正文 第2章 詭道之“幕”經:虛而實的煙幕術2(1 / 3)

詭道方略之:郭敬循環浴馬計

公元330年(東晉成帝鹹和五年),後趙國荊州監軍郭敬奉命攻打東晉襄陽。東晉軍隊駐守襄陽的都是精兵強將,駐守長官東晉南中郎將周撫更是驍勇異常,敵眾我寡的形勢極為明顯。

這時,後趙主石勒一時派不出兵將支援郭敬,他想出了一條應急之計,連夜派人傳令郭敬:“如果周撫派人來觀察樊城軍情,你要想盡辦法,讓他知道我們後趙軍隊先不跟你周撫打,等過了七八天,我們的大隊騎兵來了,再想辦法揍你們。到那時候,你們就插翅難飛啦!”

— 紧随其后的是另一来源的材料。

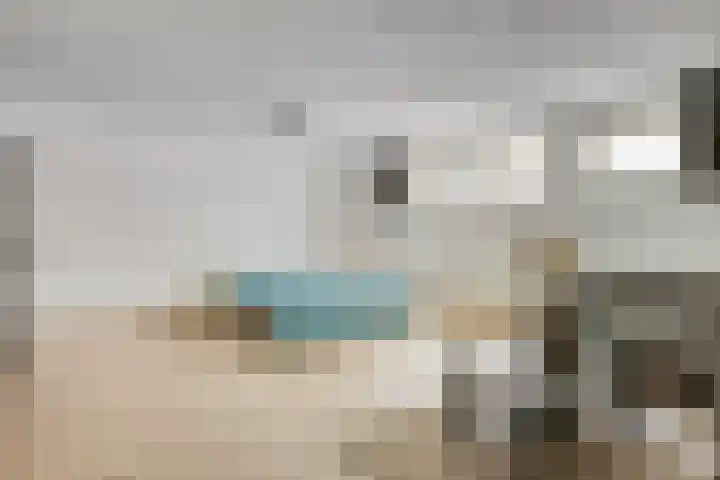 Zandhagedis 34 Eindhoven thumbnail 29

郭敬接到軍令,心想:“大王這話是不錯,可要變成一種行動,這可是一大難題啊。”郭敬的腦海裏隨之跳躍過一串串重複的字眼:“大隊騎兵,戰馬;大隊騎兵,戰馬……”

“對,有啦!”郭敬一拍桌子,不禁接著自言自語:“製造聲勢,讓周撫覺得我們好像大隊騎兵來了。來他個‘循環浴馬計’!”

第二天,很多負有特殊使命的士兵出動了。他們手執馬鞭,吆喝著將成群戰馬趕到河邊,讓它們俯首吸水,涉水洗澡。他們讓這些馬循環出現。白天、黑夜,都有馬群在川流不息地洗澡。

這軍情,給周撫派出的便衣遊動哨發現了,忙趕回襄陽,直奔周撫處,氣喘籲籲報告:“周大人,後趙戰馬正在河邊洗澡。白天洗,晚上也洗,馬兒多得數不清。”

周撫心中悄悄不安:“莫非後趙援軍到了?”心驚肉跳一陣之後,馬上連夜逃奔武昌而去。郭敬不費一兵一卒,當夜占領了襄陽城。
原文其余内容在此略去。